ENTRIES SUPPLIED ::
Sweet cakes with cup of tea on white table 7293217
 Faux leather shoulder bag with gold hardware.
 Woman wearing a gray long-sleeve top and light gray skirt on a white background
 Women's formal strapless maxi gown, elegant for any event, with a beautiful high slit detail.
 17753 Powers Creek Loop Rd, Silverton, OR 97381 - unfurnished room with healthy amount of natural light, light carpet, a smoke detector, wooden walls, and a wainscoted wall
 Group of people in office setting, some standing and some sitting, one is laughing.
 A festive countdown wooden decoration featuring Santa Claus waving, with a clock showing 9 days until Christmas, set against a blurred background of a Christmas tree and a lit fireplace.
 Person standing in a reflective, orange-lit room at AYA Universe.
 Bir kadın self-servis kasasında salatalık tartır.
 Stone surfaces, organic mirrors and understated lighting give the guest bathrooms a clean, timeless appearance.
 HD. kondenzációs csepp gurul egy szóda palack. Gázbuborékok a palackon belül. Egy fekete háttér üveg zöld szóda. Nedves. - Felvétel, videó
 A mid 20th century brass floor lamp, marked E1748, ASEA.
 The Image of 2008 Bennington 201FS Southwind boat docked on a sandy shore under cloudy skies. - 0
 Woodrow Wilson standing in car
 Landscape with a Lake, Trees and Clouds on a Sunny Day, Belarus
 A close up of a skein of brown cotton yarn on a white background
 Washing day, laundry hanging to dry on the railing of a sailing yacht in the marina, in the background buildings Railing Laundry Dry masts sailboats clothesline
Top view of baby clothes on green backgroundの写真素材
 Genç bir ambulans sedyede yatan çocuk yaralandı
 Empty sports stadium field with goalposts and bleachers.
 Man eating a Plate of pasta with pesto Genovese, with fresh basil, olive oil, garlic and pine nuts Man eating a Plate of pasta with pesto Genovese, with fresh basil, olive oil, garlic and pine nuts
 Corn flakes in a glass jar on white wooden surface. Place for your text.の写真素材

EXERCISE REQUIREMENTS :: Go back to the data above and please quote exactly, and only, the lines from the line with "A close up of" through its last line.

COMPLETED EXERCISE ::
 A close up of a skein of brown cotton yarn on a white background
 Washing day, laundry hanging to dry on the railing of a sailing yacht in the marina, in the background buildings Railing Laundry Dry masts sailboats clothesline
Top view of baby clothes on green backgroundの写真素材
 Genç bir ambulans sedyede yatan çocuk yaralandı
 Empty sports stadium field with goalposts and bleachers.
 Man eating a Plate of pasta with pesto Genovese, with fresh basil, olive oil, garlic and pine nuts Man eating a Plate of pasta with pesto Genovese, with fresh basil, olive oil, garlic and pine nuts
 Corn flakes in a glass jar on white wooden surface. Place for your text.の写真素材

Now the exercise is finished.